• DATA PROVIDED:
* * *
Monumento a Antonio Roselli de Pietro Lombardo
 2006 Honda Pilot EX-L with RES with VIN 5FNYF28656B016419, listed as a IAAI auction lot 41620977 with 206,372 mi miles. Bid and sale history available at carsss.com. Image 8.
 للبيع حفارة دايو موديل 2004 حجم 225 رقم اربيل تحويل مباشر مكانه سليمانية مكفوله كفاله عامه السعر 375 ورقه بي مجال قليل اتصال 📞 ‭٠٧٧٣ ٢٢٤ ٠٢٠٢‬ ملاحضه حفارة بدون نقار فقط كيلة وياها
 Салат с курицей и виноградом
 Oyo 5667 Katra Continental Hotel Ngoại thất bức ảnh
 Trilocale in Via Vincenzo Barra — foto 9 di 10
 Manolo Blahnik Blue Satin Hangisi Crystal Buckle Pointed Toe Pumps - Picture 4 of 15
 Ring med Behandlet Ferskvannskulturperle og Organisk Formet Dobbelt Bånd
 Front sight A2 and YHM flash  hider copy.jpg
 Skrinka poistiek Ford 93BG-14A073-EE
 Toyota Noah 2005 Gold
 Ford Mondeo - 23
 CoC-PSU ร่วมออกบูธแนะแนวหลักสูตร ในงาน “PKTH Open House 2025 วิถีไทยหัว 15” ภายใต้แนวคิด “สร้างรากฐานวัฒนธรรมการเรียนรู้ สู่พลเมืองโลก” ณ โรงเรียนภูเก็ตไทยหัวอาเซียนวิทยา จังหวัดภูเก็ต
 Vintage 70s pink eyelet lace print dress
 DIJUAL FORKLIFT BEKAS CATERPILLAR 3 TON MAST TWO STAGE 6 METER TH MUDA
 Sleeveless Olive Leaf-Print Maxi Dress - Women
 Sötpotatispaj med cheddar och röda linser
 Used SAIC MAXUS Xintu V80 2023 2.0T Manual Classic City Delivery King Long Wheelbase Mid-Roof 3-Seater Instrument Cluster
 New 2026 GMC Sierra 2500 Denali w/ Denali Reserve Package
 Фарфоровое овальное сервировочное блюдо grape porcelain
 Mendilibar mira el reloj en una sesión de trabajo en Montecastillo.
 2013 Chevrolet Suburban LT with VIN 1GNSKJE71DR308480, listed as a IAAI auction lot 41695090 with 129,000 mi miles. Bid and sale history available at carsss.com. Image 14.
* * *
• WORK INSTRUCTION: Find each line holding the string "available" in the listing above, then copy it.

• SOLUTION FOR THIS PROBLEM:
 2006 Honda Pilot EX-L with RES with VIN 5FNYF28656B016419, listed as a IAAI auction lot 41620977 with 206,372 mi miles. Bid and sale history available at carsss.com. Image 8.
 2013 Chevrolet Suburban LT with VIN 1GNSKJE71DR308480, listed as a IAAI auction lot 41695090 with 129,000 mi miles. Bid and sale history available at carsss.com. Image 14.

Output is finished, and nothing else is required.